Exercise goal
Images don't belong in the copy. Output the rest of the data exactly.

Collected data
_ _ _ _

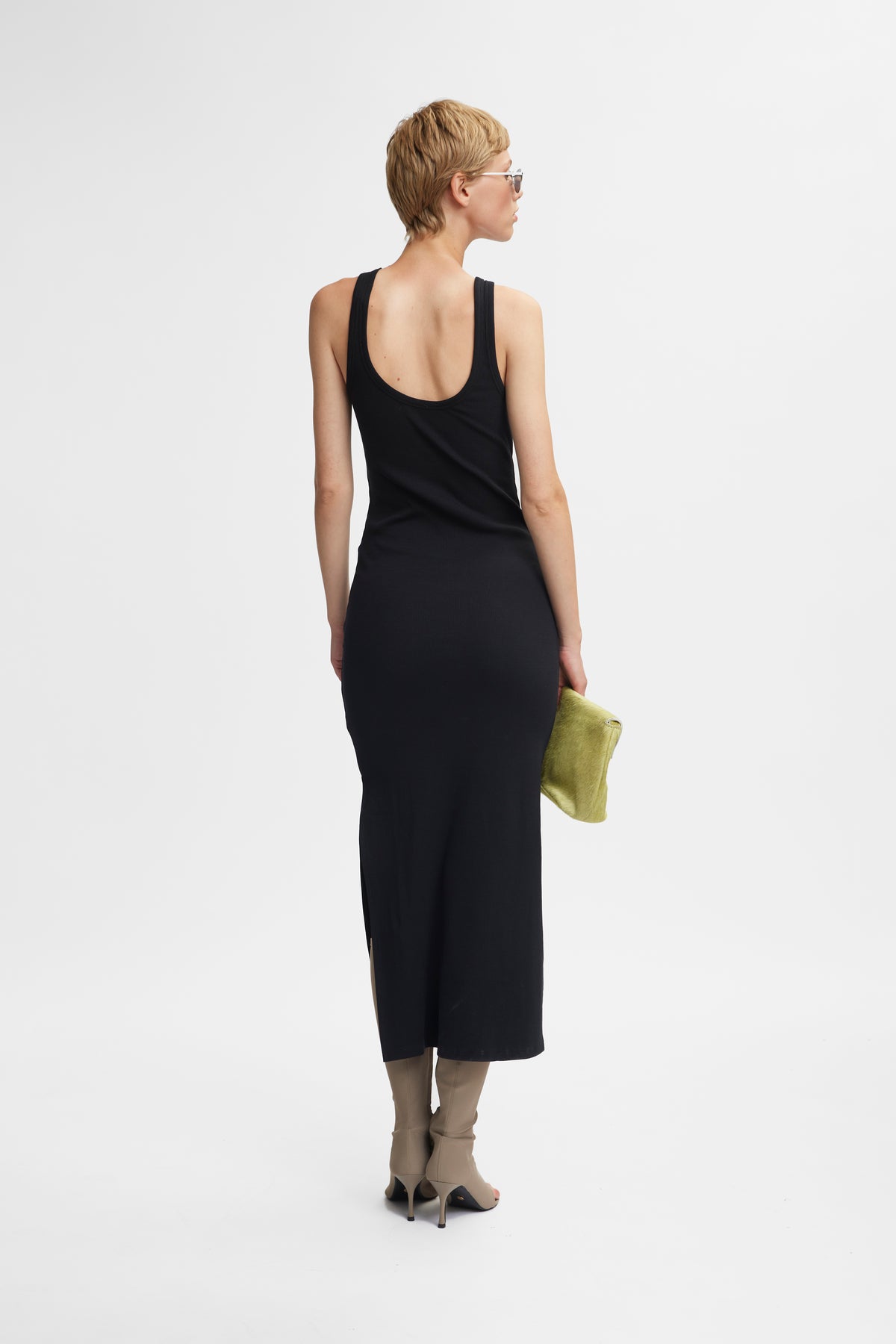 DrewGZ SL Reversible Long Dress - Svart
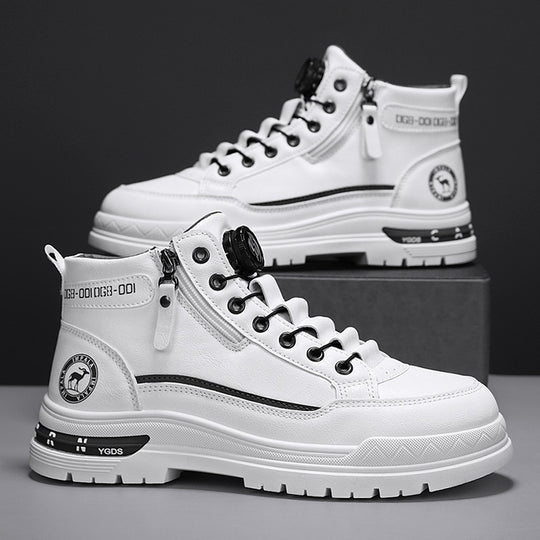 Damen modische High-Top Sneakers mit praktischer Schnellschnürung EB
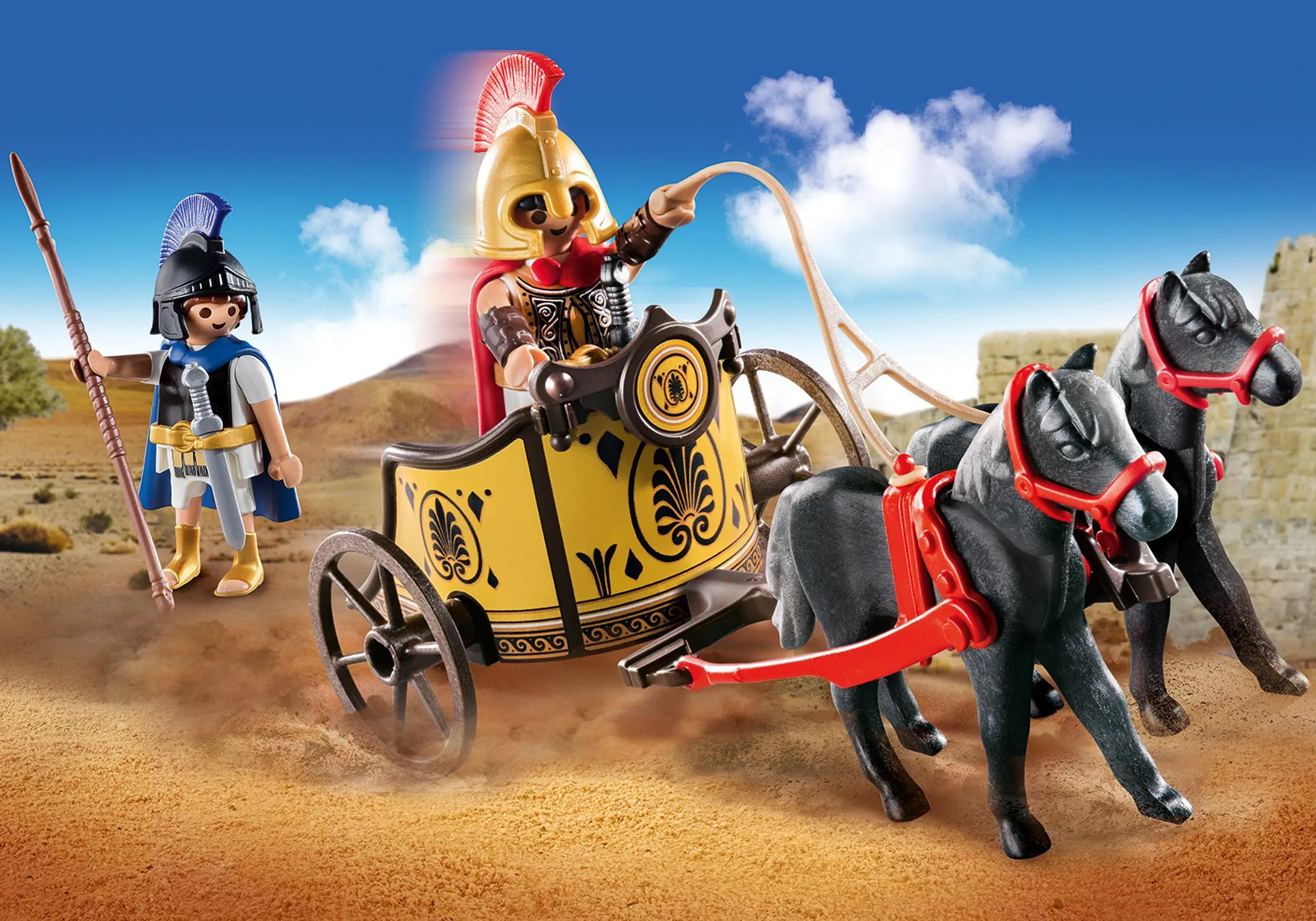 Playmobil 70469 Achille et Patrocle avec char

_ _ _ _

Output below
 DrewGZ SL Reversible Long Dress - Svart
 Damen modische High-Top Sneakers mit praktischer Schnellschnürung EB
 Playmobil 70469 Achille et Patrocle avec char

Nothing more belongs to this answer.